The Journey Home board, a mayoral advisory panel, has complained of bureaucratic snafus and other problems severely delaying the process of finding permanent housing for homeless people. A group of homeless advocates joined board members in a protest statement today.
This evening’s statement from City Hall acknowledged those problems and said they are being addressed.
“There has been significant progress made by the Mayor’s Office of Human Services and the Housing Department to streamline the client assessment and housing placement processes,” the statement said.
But the administration also offered its rationale for undertaking the clearing actions in the first place.
“Encampments present unsafe and unhealthy situations, both for the people residing there and for the men, women and children who live and work nearby.
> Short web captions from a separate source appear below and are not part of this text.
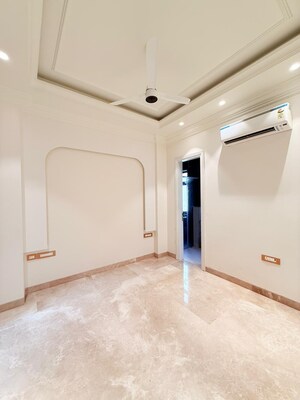 Room in 4 BHK Builder Floor at Nehru Enclave – for Sale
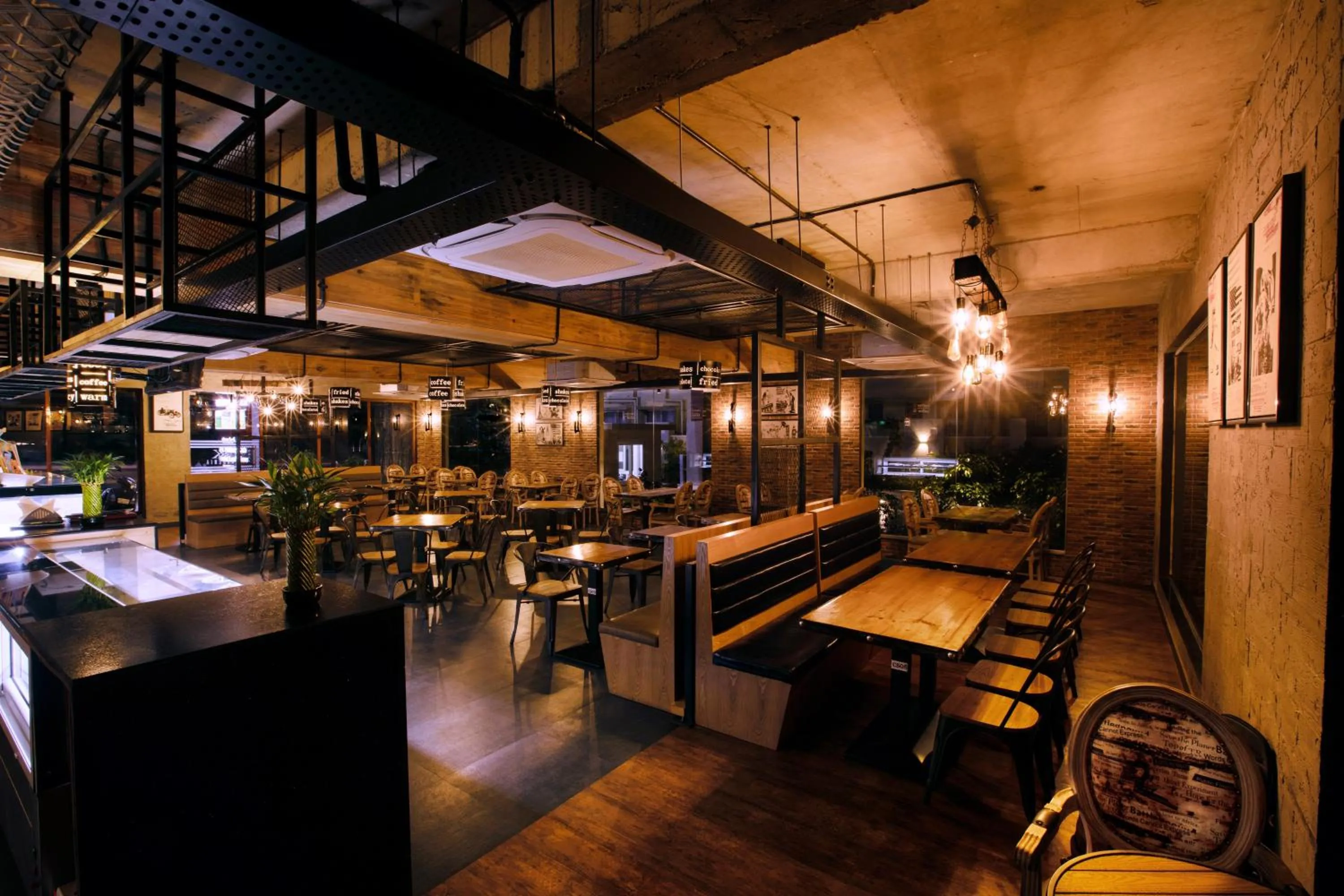 Restaurant/places to eat in Hotel RK Gardenia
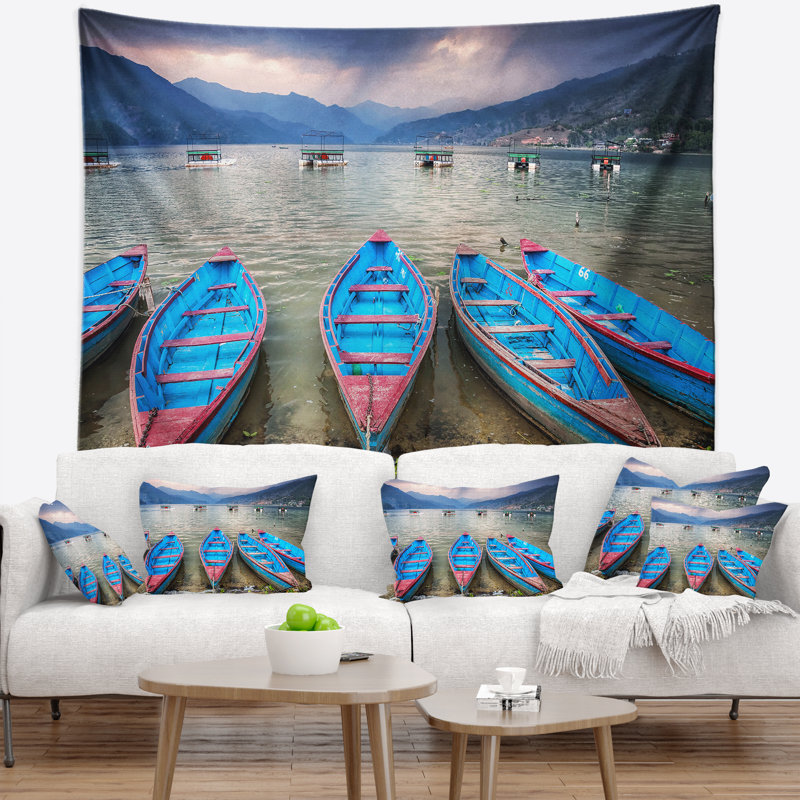 Rangée de canots bleus dans pokhara lake tapisserie, H 50 po x l 60 po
Law enforcement officials regularly hear of illegal activities taking place within the encampments, and, in many cases, the people residing in the encampments are the victims,” the statement said.
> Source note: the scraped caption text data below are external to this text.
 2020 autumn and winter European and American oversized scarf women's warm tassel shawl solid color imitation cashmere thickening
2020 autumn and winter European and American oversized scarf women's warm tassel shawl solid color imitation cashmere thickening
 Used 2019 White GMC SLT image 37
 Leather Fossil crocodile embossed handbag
“The city simply cannot allow the encampments to continue indefinitely and is committed to identifying emergency shelter and permanent supportive housing for homeless individuals.
“The mayor recognizes that many of the people living in the encampments need additional services – addiction and mental health counseling, job training, and more,” the statement continued.
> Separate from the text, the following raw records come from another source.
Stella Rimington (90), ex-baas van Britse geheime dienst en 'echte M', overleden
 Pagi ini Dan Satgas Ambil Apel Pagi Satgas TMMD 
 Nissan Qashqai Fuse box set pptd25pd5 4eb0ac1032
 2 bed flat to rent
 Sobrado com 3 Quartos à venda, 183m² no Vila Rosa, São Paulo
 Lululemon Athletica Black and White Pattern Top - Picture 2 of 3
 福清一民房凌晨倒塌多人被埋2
“Ineffective and Inhumane”
The mayor’s decision came shortly after a meeting in which homeless services providers and advocates read a group statement condemning the practice of encampment-razing and, essentially, refused to work with city officials carrying it out.
“Baltimore City is destroying homeless encampments without ending the homelessness of their residents. These actions are inhumane and ineffective,” said the statement read aloud by Lin Romano, chief operating officer of GEDCO, and Katie Allston of Marian House.
In front of an assortment of officials from housing and the mayor’s office, the two women spoke at the monthly meeting of homeless services providers who receive federal “Continuum of Care” funds as well as those who are funded through state grants.
“Until the city is able to provide appropriate housing and services to encampment residents, the undersigned service providers and advocates will not participate in any activities that further displace and disadvantage our homeless neighbors,” said the statement read to the gathering of about 50 people in the Pleasant View Gardens community room.
Among the 34 signatories were Paul’s Place, the Homeless Person’s Representation Project, Catholic Charities, Housing Our Neighbors, Health Care for the Homeless, Liberty Rec and Tech Center and Bon Secours.
Representatives of the groups who signed stood at the meeting as each organization’s name was read.
Displaced and No Place to Go
At today’s “Continuum of Care” meeting, there was no direct answer from the city about its notice to clear a homeless encampment on or around August 8.
Providers had said the city had given them no warning about the June 26 clearing of the MLK encampment and did not provide any housing for the people who were living there.
Earlier this month, advocates rallied when city officials announced there was to be another razing – of a group of people living in about eight tents on the west side of the Fallsway, backing up to a Jones Falls Expressway ramp.
In a rare show of public disagreement with the mayor, the Journey Home board called for a moratorium on encampment razing until problems with the distribution of housing vouchers were ironed out.
Today it fell to meeting chair Vidia Dhanraj, director of the Homeless Services Program, to say something after the letter of protest was read.
“We are very concerned about this and want to respond in the most appropriate way,” Dhanraj said, noting that her office works with providers but also has “that overlaying role of being part of the mayor’s office. . . a very delicate role.”
“Know that it’s taken very seriously and your message will go beyond this room without a doubt,” she said in closing.
Breidenstine Moved to City Hall
The group then moved on to a working discussion of vouchers, a subject already being tackled by a sub-committee the Journey Home board formed at its last meeting.
A housing department official presented an update on the current status of the housing subsidy vouchers, once called Section 8, now referred to as Housing First vouchers.
There are 432 vouchers leased, he said, and 112 vouchers “on the street,” meaning people have been awarded them but haven’t found a place to lease yet. He said 58 vouchers are pending, meaning the applications are still under review, and 44 vouchers have not been referred, meaning, they are sitting unused.
The statement from Kirstaetter tonight said that “more progress is expected as Housing and MOHS work closely with the Journey Home board and homeless advocates over the next few weeks.”
It also noted that Mayor Rawlings-Blake “has moved Adrienne Breidenstine, Journey Home’s director, to City Hall and will have her report directly to the Deputy Mayor for Health, Human Services, Education and Youth, effective early next month.”
The statement Kirstaetter released noted that, at the Continuum of Care meeting she attended today, she invited service providers “to present bold, innovative solutions to barriers”
“We all share the same goal,” she said, “which is to end homelessness in our city.”